--- Records to process Enclosed Below ---

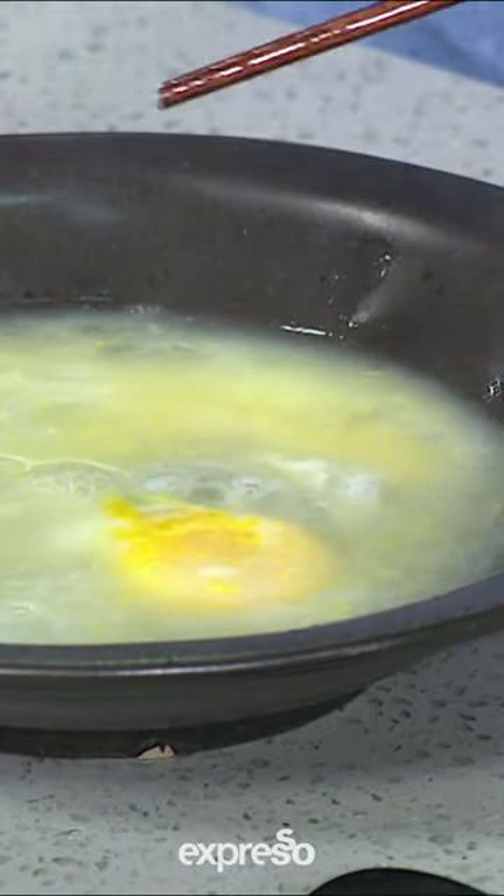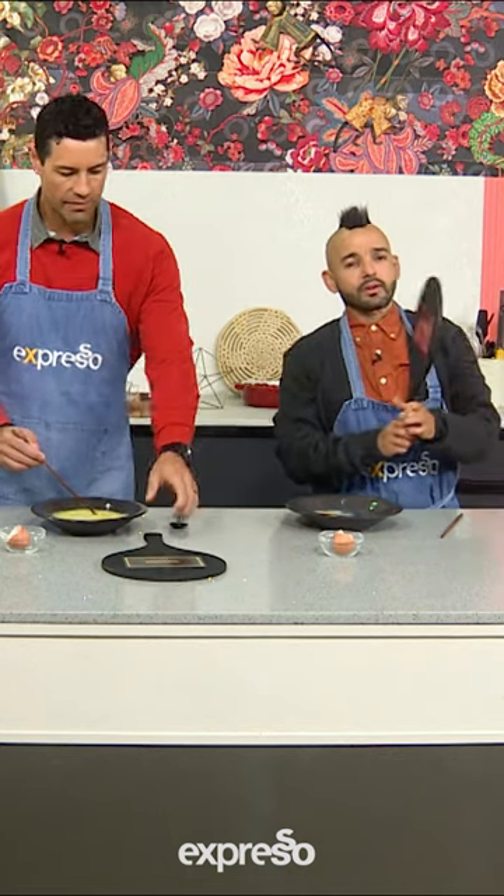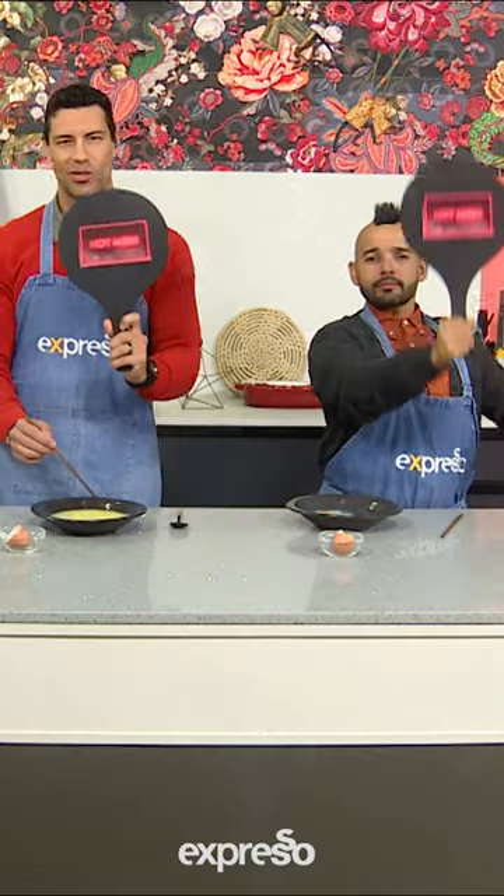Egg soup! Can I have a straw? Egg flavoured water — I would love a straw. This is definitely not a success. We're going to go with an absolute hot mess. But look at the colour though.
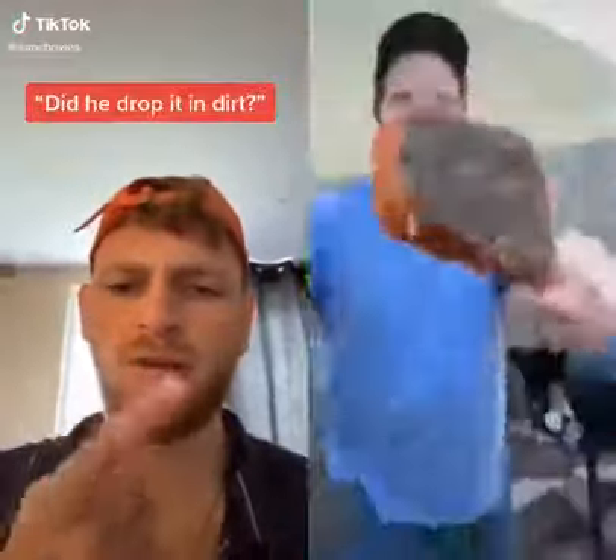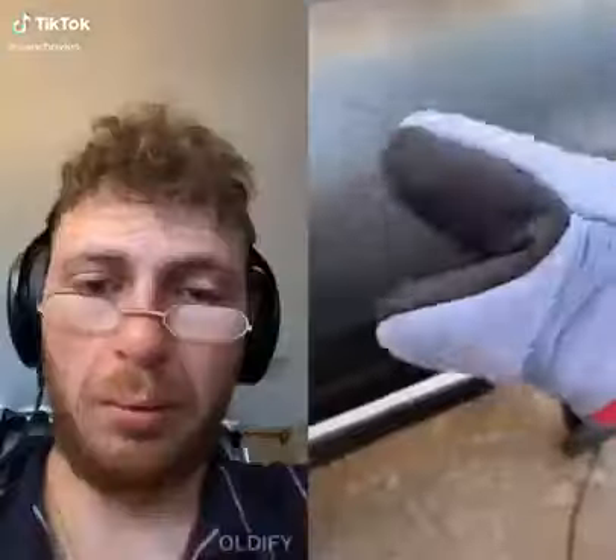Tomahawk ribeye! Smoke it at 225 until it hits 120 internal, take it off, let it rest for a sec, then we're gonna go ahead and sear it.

--- End of Enclosed Records to process ---
--- Records to process Enclosed Below ---

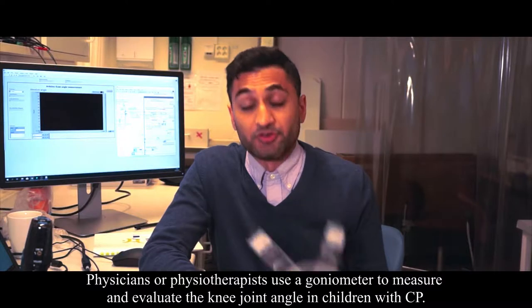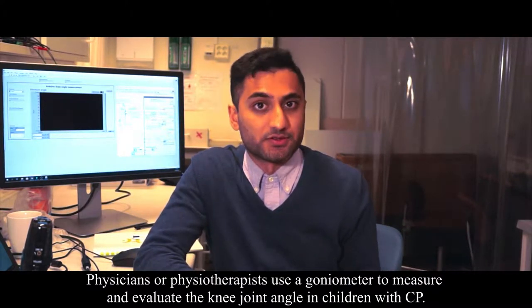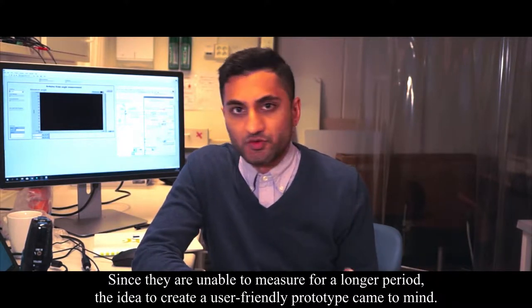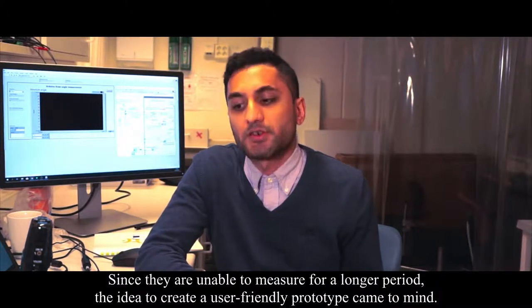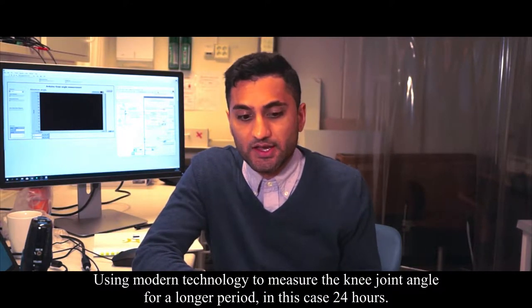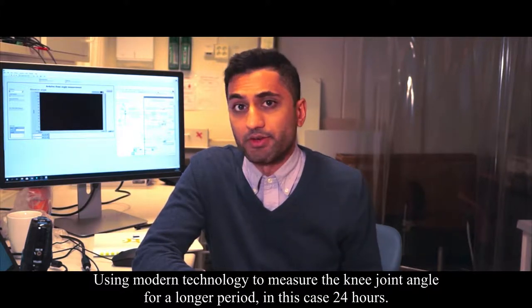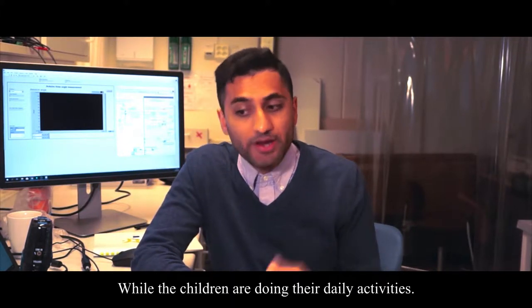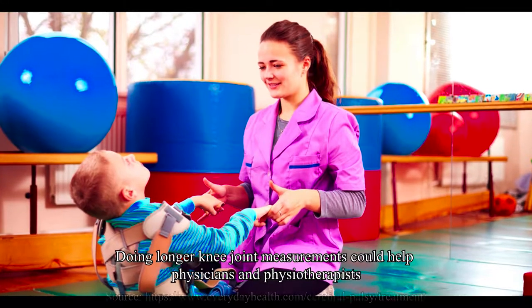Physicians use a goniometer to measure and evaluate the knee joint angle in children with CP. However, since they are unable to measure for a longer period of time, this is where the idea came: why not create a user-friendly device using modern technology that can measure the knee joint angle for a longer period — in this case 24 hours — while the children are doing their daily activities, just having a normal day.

--- End of Enclosed Records to process ---

» **To do**: Above are the records. Copy only the lines from the one with "Egg soup! Can" through the one with "Tomahawk ribeye! Smoke", exactly, with no pictures.

» **Written solution**:
Egg soup! Can I have a straw? Egg flavoured water — I would love a straw. This is definitely not a success. We're going to go with an absolute hot mess. But look at the colour though.
Tomahawk ribeye! Smoke it at 225 until it hits 120 internal, take it off, let it rest for a sec, then we're gonna go ahead and sear it.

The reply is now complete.